Republican senators rally against Nebraska death penalty


Associated Press

LINCOLN, Neb. (AP) - Seven Republican senators announced their support for a bill to repeal the capital punishment law, saying Wednesday that any other program so costly and inefficient would have been eliminated by the Legislature years ago.

Lincoln Sen. Colby Coash said repealing the death penalty aligns with the conservative values he and others campaigned on, since it squanders tax money on endless appeals - especially since the state lacks the drug to carry out executions.

“A lot of us said things like this: ‘Send me to Lincoln, I’ll find, I’ll root out, I’ll get rid of government waste wherever I can find it,’” he said. “And that’s what repealing the death penalty is about.”

Nebraska, which last carried out an execution in 1997, currently has 11 men on death row. That most-recent execution was by electrocution, a method the Nebraska Supreme Court declared cruel and unusual in 2008.

The state’s supply of the required anesthetic for lethal injections, sodium thiopental, expired in December 2013. The drug is no longer produced in the United States, and European Union countries are prohibited from selling the drug for use in capital punishment. The state Department of Correctional Services has not obtained a new supply of the drug.

Nebraska’s death row inmates thus wait for a sentence that cannot be carried out. Death penalty sentencing also carries additional costs because of more legal preparation, separate sentencing, post-conviction appeals and the need to house those inmates apart from the general prison population.

A 2014 report by the Kansas Judicial Council found that a death row prisoner in the state costs $49,380 to house per year, compared with a general population prisoner cost of $24,690. The report also found that cases in which the death penalty was sought cost nearly four times as much as cases in which it was not sought.

Bellevue Sen. Tommy Garrett said taxpayer dollars aside, the death penalty gives state governments the “power to play God,” which conflicts with his beliefs.

“I believe in the sanctity of life,” Garrett said. “I belief life begins at conception and should be protected until God calls the individual home.”

Marc Hyden, advocacy coordinator for Conservatives Concerned about the Death Penalty, said eliminating capital punishment can unite political parties.

“This can bring us together for different reasons,” Hyden said. “Mine is about protecting innocent life and promoting fiscal responsibility in government and supporting programs that actually work. It’s not just a liberal issue, it’s a conservative issue.”

The Legislature is expected to debate the repeal Thursday, but the bill will likely face opposition.

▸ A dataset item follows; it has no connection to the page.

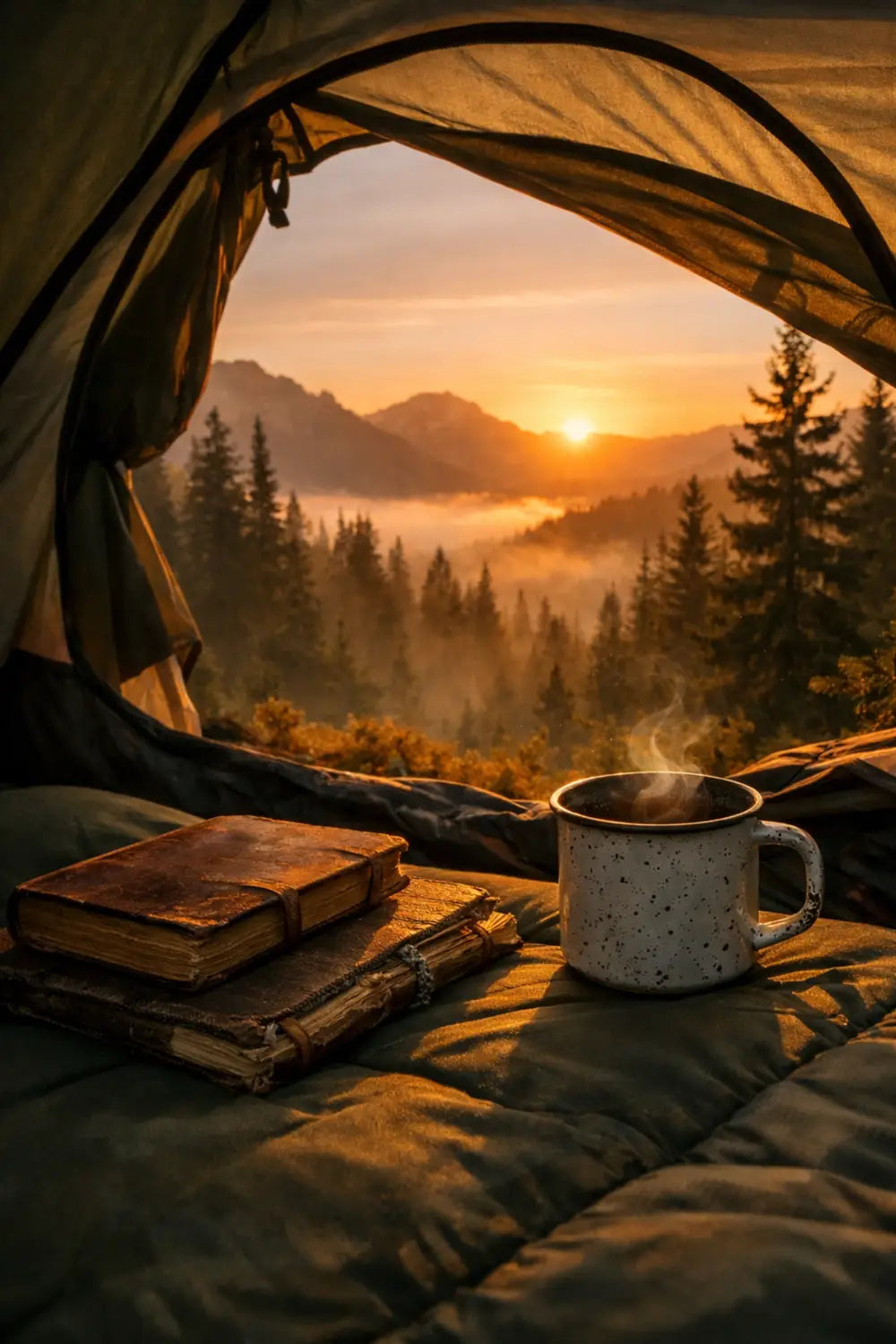 Morning devotional setup inside a camping tent with a Bible and coffee overlooking a mountain sunrise.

Lawmakers who support the death penalty said the costs and legal hurdles have grown because of deliberate efforts by those who oppose the practice to prevent the state from carrying out executions.

“They’re the ones who appealed. They’re the ones throwing up roadblocks,” said Sen. Bill Kintner, of Papillion.

Sen. Beau McCoy of Omaha, who helped block a repeal the last time it advanced in 2013, has maintained his support for the death penalty. McCoy has already filed seven amendments and a motion to kill the bill, the groundwork for a filibuster.

The bill’s sponsor, Independent Sen. Ernie Chambers of Omaha, has fought for nearly 40 years to end capital punishment. The Legislature passed a repeal once, in 1979, but it was vetoed by then-Gov. Charles Thone. If it passes this year, senators would likely have to override a veto by Republican Gov. Pete Ricketts, who supports the death penalty.